It would be nice if facts could be used as evidence of a UI mistake, but
alas in my experience that has never been the case.

> I think it's unfortunate that we:
> 
>  1. Conflate whether something shows up in completion v.s. the
>     help. Given its prominence and that "git clone -h" is ~50 lines why
>     not note --recursive there.

Agreed.

>  2. Don't have the completion aware of these aliases, i.e. "git clone
>     --rec<TAB>" before your chance offers a completion of both, that sucks,
>     we should fully complete the non-alias instead.

Yes, that's what would happen with the patch.

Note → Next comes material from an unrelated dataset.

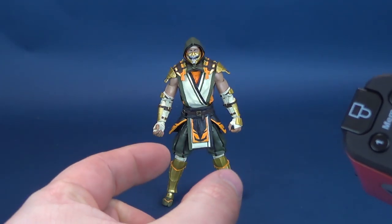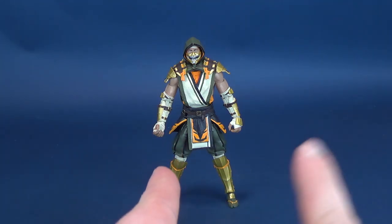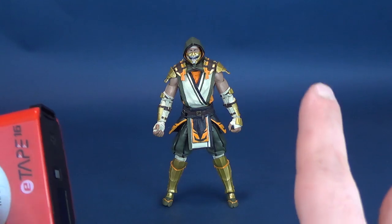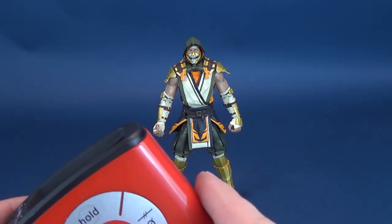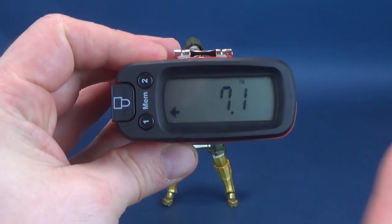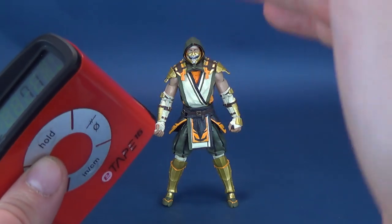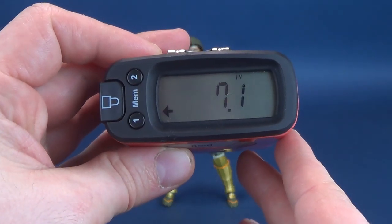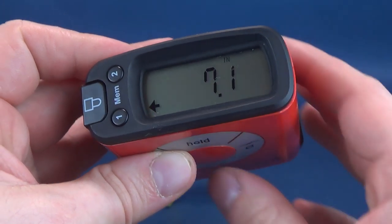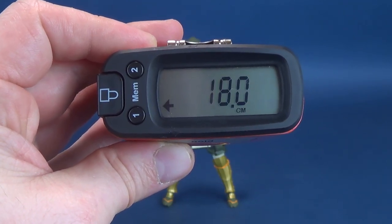One thing I want to consider is I've got them at a wider stance. A couple of people have asked whether the best measurement would be with the legs as close together as possible to get the proper height. That is true, but each figure for display purposes you're probably not going to have them dead straight center. On average, I give you rough calculations of what these figures stand, and you can adjust the height accordingly depending on how you display the figure. 7.1 inches — that's the exclusive version of Scorpion, which translates to 18 centimeters exactly.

>  3. Making it PARSE_OPT_HIDDEN "solves" #2 at the cost of hiding it in
>     "git help -h", and now this won't work, but did before:
> 
>         git clone --recursi<TAB>
> 
>     I.e. even if we didn't want to do #2 *and* wanted to hide it in the
>     usage output surely completing an unmbigous prefix is better, even
>     if it's a hidden option?

This is something that could be done in zsh, but not in bash (at least
not easily).

> E.g. the user has used --recursive for years, but can't even find it in
> -h (I also think it's a mistake to have entirely removed it from the
> docs, even if one agrees with its "deprecation" I'd say we should keep
> some "used to be called --recursive" note there).

But that is not a problem of this patch. If users can't find --recursive
and complain about it, then that's actually a good thing, because now
the facts about --recursive vs. --recurse-submodules are not needed
anymore, and we could just fix the interface.